Comment on Selfhosted & AI
scrubbles@poptalk.scrubbles.tech 1 day agoYeah it’s heresy on Lemmy, but I do find it genuinely useful. My only regret is that I have to use Claude/Anthropic more than I’d like, which is why I have a vested interest in selfhosting myself. I’d rather figure out how to run the larger models myself and cut them off completely, but you even begin to mention that here and you’ll get downvoted to hell.
brucethemoose@lemmy.world 1 day ago
You don’t even need Claude anymore. GLM 5.2 API is good enough for 95% of the same things and vastly cheaper.
MiMo 2.5 Pro and Kimi are also very good. And then there’s Cerebras API if you just want simple things done quick.
scrubbles@poptalk.scrubbles.tech 1 day ago
That’s where I am okay with hardware, but can’t seem to fit the models on my 3090. I have dreams of something like an A100 someday, but not until there’s a ton of used ones that hit the market. What do you use for your hardware?

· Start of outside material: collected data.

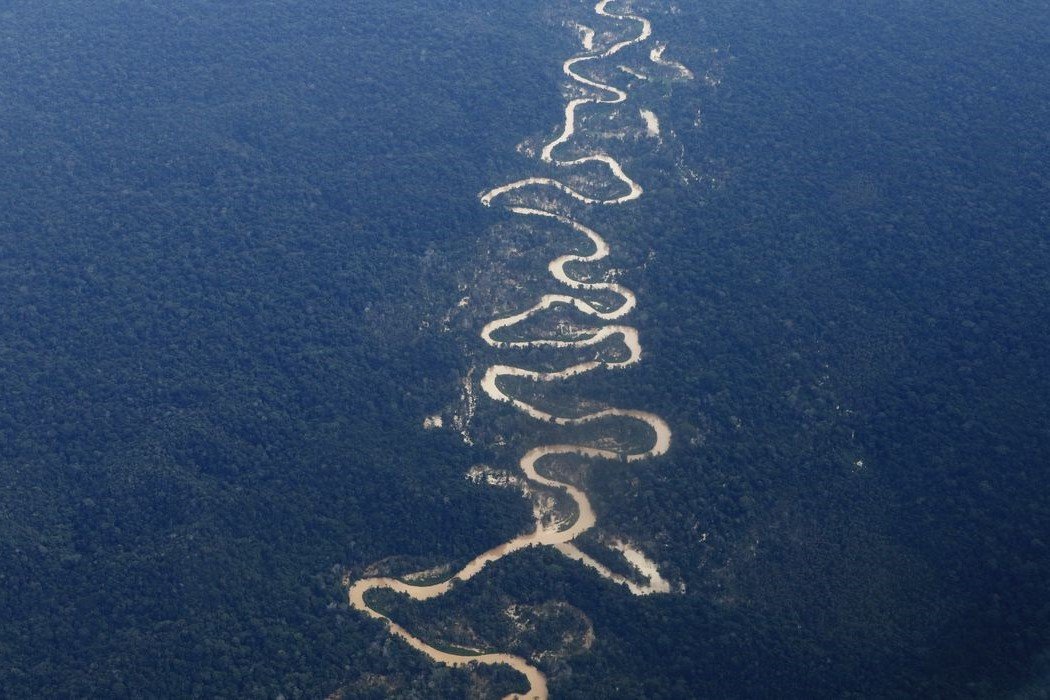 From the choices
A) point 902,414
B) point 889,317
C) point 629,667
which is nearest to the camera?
point 629,667

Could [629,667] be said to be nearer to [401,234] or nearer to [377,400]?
[377,400]

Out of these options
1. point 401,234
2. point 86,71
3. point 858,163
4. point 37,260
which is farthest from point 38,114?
point 858,163

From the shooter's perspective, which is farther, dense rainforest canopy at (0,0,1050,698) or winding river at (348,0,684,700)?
winding river at (348,0,684,700)

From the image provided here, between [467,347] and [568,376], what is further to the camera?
[467,347]

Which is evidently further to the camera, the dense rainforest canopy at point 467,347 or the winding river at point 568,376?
the winding river at point 568,376

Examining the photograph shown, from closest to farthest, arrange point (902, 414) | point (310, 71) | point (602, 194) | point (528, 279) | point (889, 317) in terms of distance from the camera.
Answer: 1. point (902, 414)
2. point (889, 317)
3. point (528, 279)
4. point (602, 194)
5. point (310, 71)

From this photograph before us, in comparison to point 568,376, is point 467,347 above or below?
below

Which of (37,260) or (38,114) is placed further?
(38,114)

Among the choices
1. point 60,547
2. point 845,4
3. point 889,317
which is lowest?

brucethemoose@lemmy.world 1 day ago
I have a single 3090!
And I have 128GB RAM. So the best model I can run is MiMo 2.5 (a 300B model) at around 10 tokens/sec, using hybrid CPU inference.
…But that’s the worst-case scenario, for speed. It’s an IQ3_KT quant (with is a high quality quantization type but very slow on CPU), with a model that barely fits in my RAM+VRAM combined, with no DFlash or any kind of speculative decoding turned on. I could tune it to be much faster, but I mostly just want “max quality, fast enough.”
For speed, or prompts with lots of thinking or context, I just run Qwen 3.6 27B now. That would fit in your 3090 no matter how much CPU RAM you have, but you just have to be smart about the backend and quantization you pick. If you just use Ollama, it’s gonna tell you it won’t fit, or use some horrible default that spits out garbage.